La Sainte-Chapelle, dite aussi Sainte-Chapelle du Palais, est une chapelle palatine édifiée sur l’île de la Cité, à Paris, à l'emplacement de la chapelle Saint-Nicolas-du-Palais, à la demande de Saint Louis afin d’abriter la Sainte Couronne d’épines, un morceau de la Vraie Croix, ainsi que diverses autres reliques de la Passion qu’il avait acquises à partir de 1239.
Elle est la première construite des saintes chapelles, conçue comme une vaste châsse presque entièrement vitrée, et se distingue par l'élégance et la hardiesse de son architecture, qui se manifeste dans une élévation importante et la suppression quasi totale des murs au niveau des fenêtres de la chapelle haute. Bien qu'édifiée dans un bref délai ne dépassant pas sept ans, l'on n'a pas relevé de défauts de construction, et la décoration n'a pas été négligée. Elle fait notamment appel à la sculpture, la peinture et l'art du vitrail : ce sont ses immenses vitraux historiés d'origine qui font aujourd'hui la richesse de la Sainte-Chapelle, car elle a été privée de ses reliques à la Révolution française, et perdu ainsi sa principale raison d'être.
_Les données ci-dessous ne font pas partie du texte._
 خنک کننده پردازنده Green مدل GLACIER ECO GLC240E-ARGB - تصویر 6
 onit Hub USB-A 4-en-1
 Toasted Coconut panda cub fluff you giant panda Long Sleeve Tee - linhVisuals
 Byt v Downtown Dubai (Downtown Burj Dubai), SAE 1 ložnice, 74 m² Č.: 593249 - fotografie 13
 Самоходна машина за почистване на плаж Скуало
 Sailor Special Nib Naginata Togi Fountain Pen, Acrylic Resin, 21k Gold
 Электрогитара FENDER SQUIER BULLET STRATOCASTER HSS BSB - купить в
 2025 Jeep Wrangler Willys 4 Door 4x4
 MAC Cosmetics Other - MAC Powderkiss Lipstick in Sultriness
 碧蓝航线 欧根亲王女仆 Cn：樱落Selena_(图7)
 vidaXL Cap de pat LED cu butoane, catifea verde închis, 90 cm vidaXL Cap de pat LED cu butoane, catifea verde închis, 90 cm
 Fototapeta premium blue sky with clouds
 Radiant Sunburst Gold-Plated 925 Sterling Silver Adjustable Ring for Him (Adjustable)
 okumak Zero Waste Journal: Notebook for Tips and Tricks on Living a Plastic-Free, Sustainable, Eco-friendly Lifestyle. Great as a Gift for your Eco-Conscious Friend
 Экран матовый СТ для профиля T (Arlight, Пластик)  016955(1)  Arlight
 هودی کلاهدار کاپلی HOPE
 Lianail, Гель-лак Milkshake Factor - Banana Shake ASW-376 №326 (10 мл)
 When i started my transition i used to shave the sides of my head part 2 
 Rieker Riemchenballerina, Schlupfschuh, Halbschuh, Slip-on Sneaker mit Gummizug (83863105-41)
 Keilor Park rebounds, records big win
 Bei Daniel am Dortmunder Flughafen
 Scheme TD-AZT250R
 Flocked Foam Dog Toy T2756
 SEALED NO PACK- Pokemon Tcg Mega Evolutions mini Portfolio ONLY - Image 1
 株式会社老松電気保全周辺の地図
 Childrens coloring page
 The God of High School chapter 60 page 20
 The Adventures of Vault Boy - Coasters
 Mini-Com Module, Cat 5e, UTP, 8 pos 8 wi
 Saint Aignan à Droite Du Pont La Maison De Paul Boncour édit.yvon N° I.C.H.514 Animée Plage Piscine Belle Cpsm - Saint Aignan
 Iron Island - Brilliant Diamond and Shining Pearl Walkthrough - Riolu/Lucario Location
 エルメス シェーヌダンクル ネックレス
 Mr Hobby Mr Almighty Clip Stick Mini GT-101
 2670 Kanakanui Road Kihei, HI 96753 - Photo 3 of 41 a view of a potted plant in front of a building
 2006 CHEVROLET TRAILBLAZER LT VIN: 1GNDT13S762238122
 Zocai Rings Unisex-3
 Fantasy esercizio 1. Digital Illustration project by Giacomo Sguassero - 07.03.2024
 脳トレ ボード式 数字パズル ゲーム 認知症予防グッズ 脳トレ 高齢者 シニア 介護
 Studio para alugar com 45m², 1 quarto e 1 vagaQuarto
Desservie par un collège de chanoines jusqu'en 1787, la Sainte-Chapelle a été fermée au culte vers 1790, puis vidée de tout son contenu et détournée en siège du Club de la Sainte-Chapelle. En 1797, elle est transformée en dépôt d'archives du Palais de Justice, et l'expansion de celui-ci menace son existence même.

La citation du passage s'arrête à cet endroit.